3.3.2. Composition and Specific Criteria for the Nomination of Membersof the Audit Committee. It shall be composed of at least three (03) members, of which (a) at least one member shall be one of the Company’s Independent Directors; (b) at least one member shall have recognized experience in corporate accounting matters, pursuant to CVM Instruction No. 308 of May 14, 1999, as amended, which provides for the registration and exercise of the independent auditing activity within the scope of the securities market and defines the duties and responsibilities of the administrators of the audited entities in the relationship with independent auditors; (c) the same Committee member can have both characteristics described in items (a) and (b); and (d) all Committee members must meet the requirements set forth in article 9 of BACEN Resolution 130/2021: (d.1) not be, and not having been, in the last twelve (12) months: (i) an officer of the Company, its parent company, or its direct or indirect affiliates, subsidiaries or jointly-controlled subsidiaries; (ii) an employee of the Company, its parent company, or its direct or indirect affiliates, subsidiaries or jointly-controlled subsidiaries; (iii) technician in charge, officer, manager, supervisor or any other member, with management function, of the team involved in the Company’s audit work; and (iv) member of the Fiscal Council of the Company, its parent company or its affiliates, subsidiaries or jointly-controlled subsidiaries, directly or indirectly; (d.2) not be a spouse, companion or relative in a direct line, collateral line or by affinity, up to the second degree of the people referred to in item “d.1” “i” and “iii”; (iii) not receive any other type of compensation from the Company, its parent company or its affiliates, subsidiaries or jointly-controlled subsidiaries, directly or indirectly, that is not related to his function as a member of the Audit Committee, except as provided in Article 2.6.1. of the Internal Rules of the Audit Committee; and (d.4) not to hold positions, especially on advisory, management or fiscal boards, in companies that may be considered as competitors in the market or in which a conflict of interest may arise.

3.3.2.1. Specific Prohibition. Members of the Company’s Fiscal Council, when established, are not allowed to participate as members of the Audit Committee.

3.3.3. Composition of Finance Committee. It shall be composed of at least three (03) members, being (a) preferably composed of members of the Board of Directors and (b) one of its members, at least, shall be one of the Company’s independent directors (in accordance with the definition of “Independent Director” provided for in the Novo Mercado Listing Regulation of B3 S.A. – Brasil, Bolsa, Balcão).

3.3.4. Composition of the Corporate Governance Committee. It shall be composed of at least four (04) members, of which at least one shall be an Independent Director, and the Company’s Chief Executive Officer as a permanent member of said Committee.

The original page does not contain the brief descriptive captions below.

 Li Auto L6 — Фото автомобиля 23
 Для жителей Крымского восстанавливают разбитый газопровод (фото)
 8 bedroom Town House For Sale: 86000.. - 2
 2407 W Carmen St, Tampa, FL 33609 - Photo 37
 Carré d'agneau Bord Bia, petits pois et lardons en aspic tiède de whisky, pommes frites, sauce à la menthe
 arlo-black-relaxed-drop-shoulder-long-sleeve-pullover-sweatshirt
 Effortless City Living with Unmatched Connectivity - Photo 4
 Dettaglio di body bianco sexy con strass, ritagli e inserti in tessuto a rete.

3.3.4.1. Composition of the Ad Hoc Corporate Governance Committee. Subject to the parameters set forth in the Company’s Policy on Transactions with Related Parties and other Situations Involving Conflict of Interest , the transactions between the Company and any of its Controlling Shareholders will be evaluated by the Ad Hoc Corporate Governance Committee to recommend the matter for resolution by the Board of Directors, and this Committee, on an exceptional basis, shall be composed of up to two more Independent Directors, in addition to the Coordinator, and the referred board member(s) shall be summoned to assess the matter as ad hoc member(s) of the Committee, replacing the member(s) nominated by the conflicted controlling shareholder(s).

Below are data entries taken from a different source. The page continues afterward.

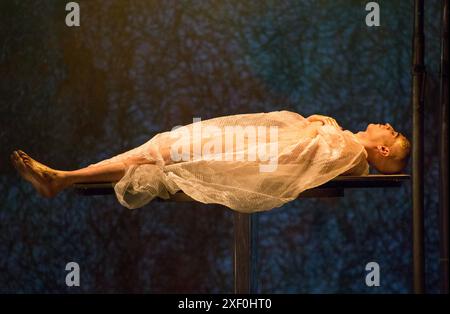 The Body of Akhnaten: Anthony Roth Costanzo (Akhnaten) in AKHNATEN von Philip Glass an der English National Opera (ENO), London Coliseum WC2 04/03/2016 in Verbindung mit einer Koproduktion mit LA Opera Dirigent: Karen Kamensek Bühnenbild: Tom Pye Kostüme: Kevin Pollard Beleuchtung: Bruno Poet Skills Ensemble Choreographie: Sean Gandini Regisseur: Phelim McDermott Stockfoto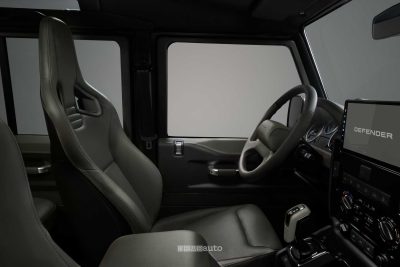 Land Rover Classic Defender V8 livrea Narvik Dark abitacolo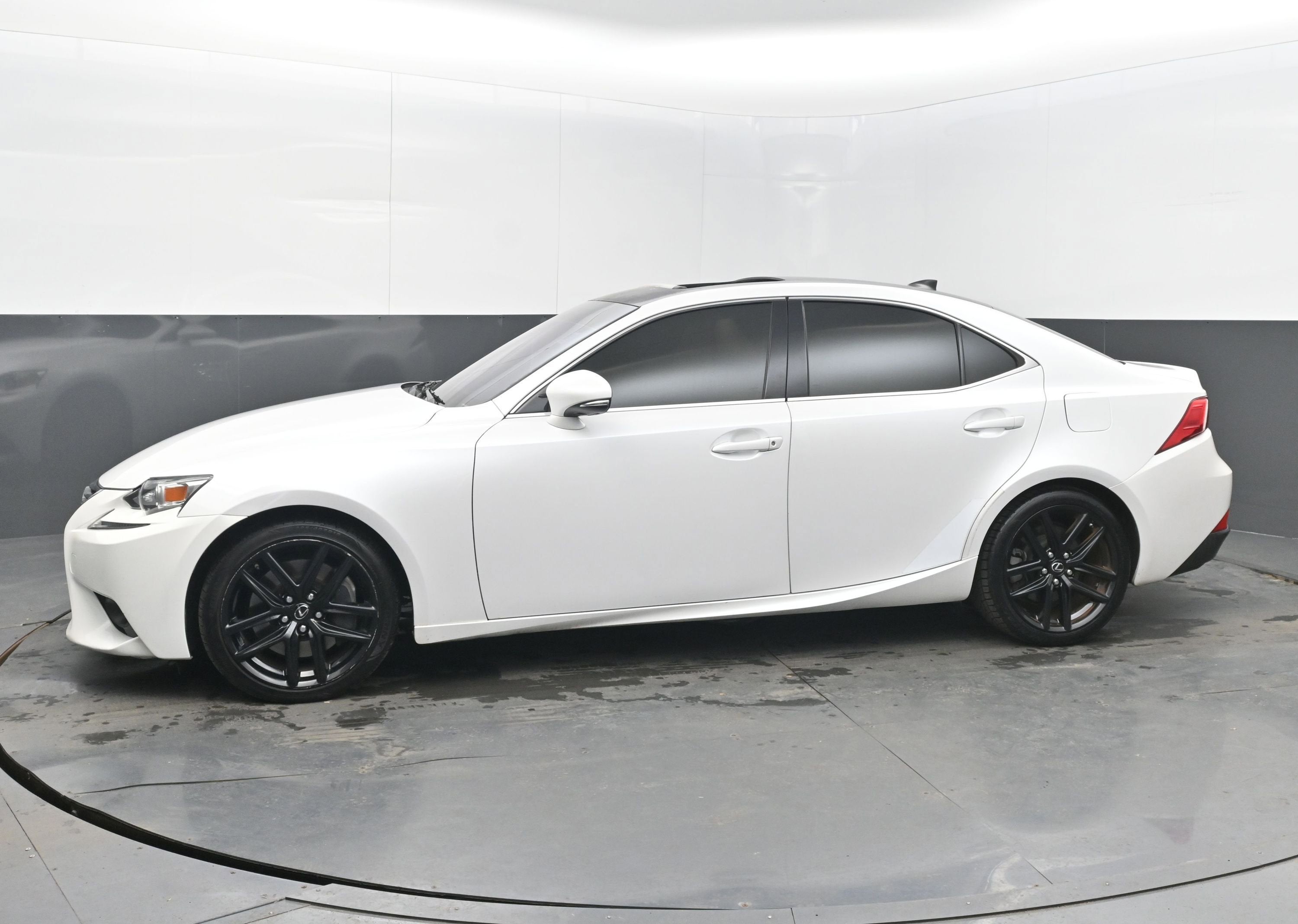 2016 Lexus IS 200t 200t
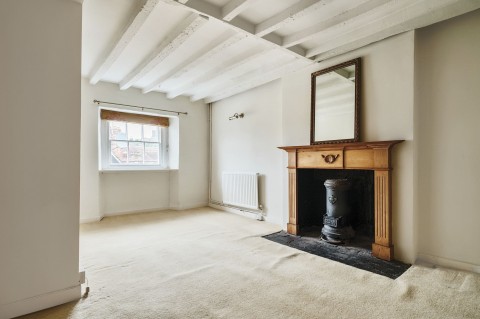 Click the photo for more details of Edinburgh Square, Midhurst, GU29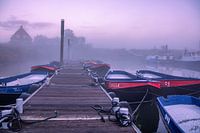 Zonsopkomst aan een haven met een mooie paarse gloed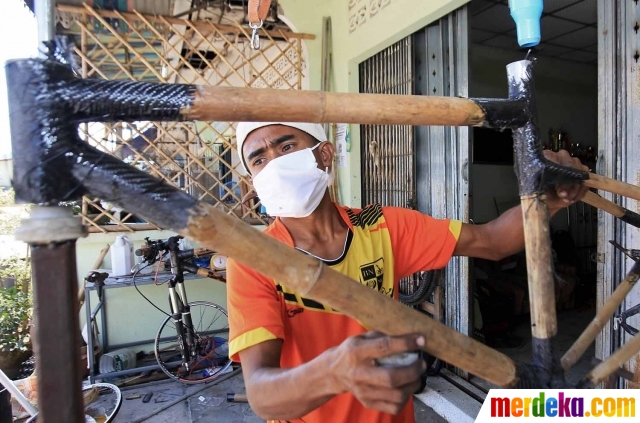  Foto  Menakjubkan pria ini ciptakan sepeda  dari  bambu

3.3.5. Composition of the Personnel and Compensation Committee. It shall be composed of at least three (03) members, being (a) preferably composed of members of the Board of Directors and (b) one of its members, at least, shall be one of the Company’s independent directors (in accordance with the definition of “Independent Director” provided for in the Novo Mercado Listing Regulation of B3 S.A. – Brasil, Bolsa, Balcão).

3.3.6. Composition of the Risk Committee. It shall be composed of at least three (03) members, being (a) preferably composed of members of the Board of Directors and (b) one of its members, at least, shall be one of the Company’s independent directors (in accordance with the definition of “Independent Director” provided for in the Novo Mercado Listing Regulation of B3 S.A. – Brasil, Bolsa, Balcão).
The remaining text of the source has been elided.